"It is a [$674 billion] balanced plan that benefits all Americans,
all Americans -- forget that tax-cut-for-the-rich rhetoric."--
Senate Majority Leader Bill Frist, NBC's "Meet the Press" January
12, 2003
The elitist kleptocracy is using every gimmick to analytically
come up with economic theories supporting the God of Money at the
expense of common people.
One tenet of the kleptocratic economic theory is that the Gross
Domestic Product (GDP) has no upper boundary and that technological
innovations will provide the continuous growth of the GDP. The fact
that the GDP can continue to grow for ever is a fallacy as
everywhere we turn our eyes we discover that everything has a
boundary.
We have a boundary for the availability of our clean water and
yet this water is being further polluted while sanitized bottled
water is being sold. We have a boundary for our own capacity to
solve problems and yet our intelligence is being hijacked and
consumed by the money interest of the kleptocratic corporations. We
have a boundary for the availability of oil and yet we produce more
cars requiring more consumption of oil. We have a boundary on
anything affecting our living and yet the kleptocracy keeps telling
us that the GDP has no boundary.
So the kleptocracy, in pursuing their self interest to hoard more
money and power, has elevated Money to become the new God. The God
of Money is being preached with the many gospels created by the
Chicago School of Economics; for example the gospel of the average
standard of living and the gospel of the average productivity
growth.
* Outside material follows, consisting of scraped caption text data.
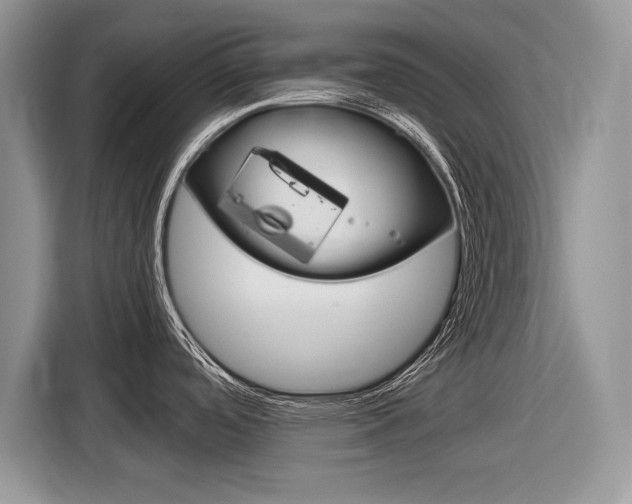 X0000116841488200912181104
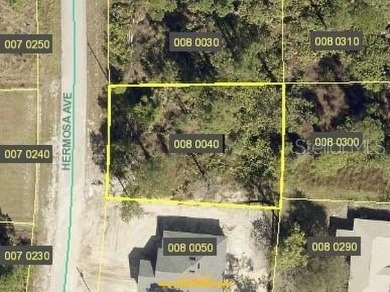Sought After Buildable Lot - This rare vacant lot is an on Mirror Lakes Golf Club in Florida - for sale on GolfHomes.com, golf home, golf lot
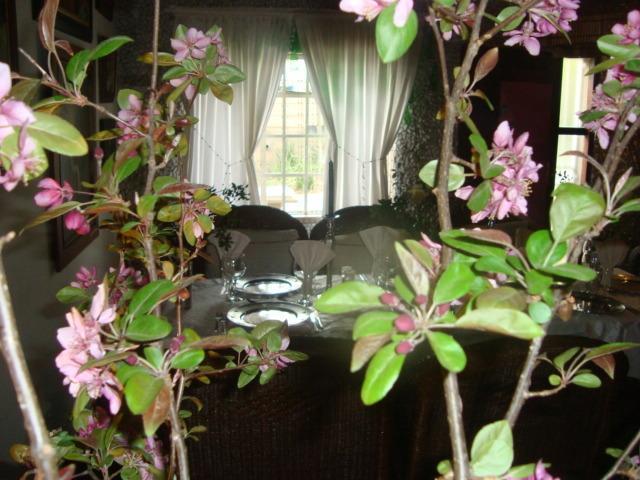 44 On Ennis Guest Lodge And Restaurant - No Load Sheddding Ermelo Bagian luar foto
In so doing the kleptocracy has artificially created a
hypocritical and fundamentalist religious language of its own where
the duplicity of meanings can always be distorted in the name of the
God of Money and for the advantage of the kleptocracy.
In the United States, the rich become richer and I wonder about
the meaning of the increasing average standard of living.
Conventional economists are telling us that the economy is robust as
average productivity has been jumping high and yet Americans are
hanging onto their jobs and working harder.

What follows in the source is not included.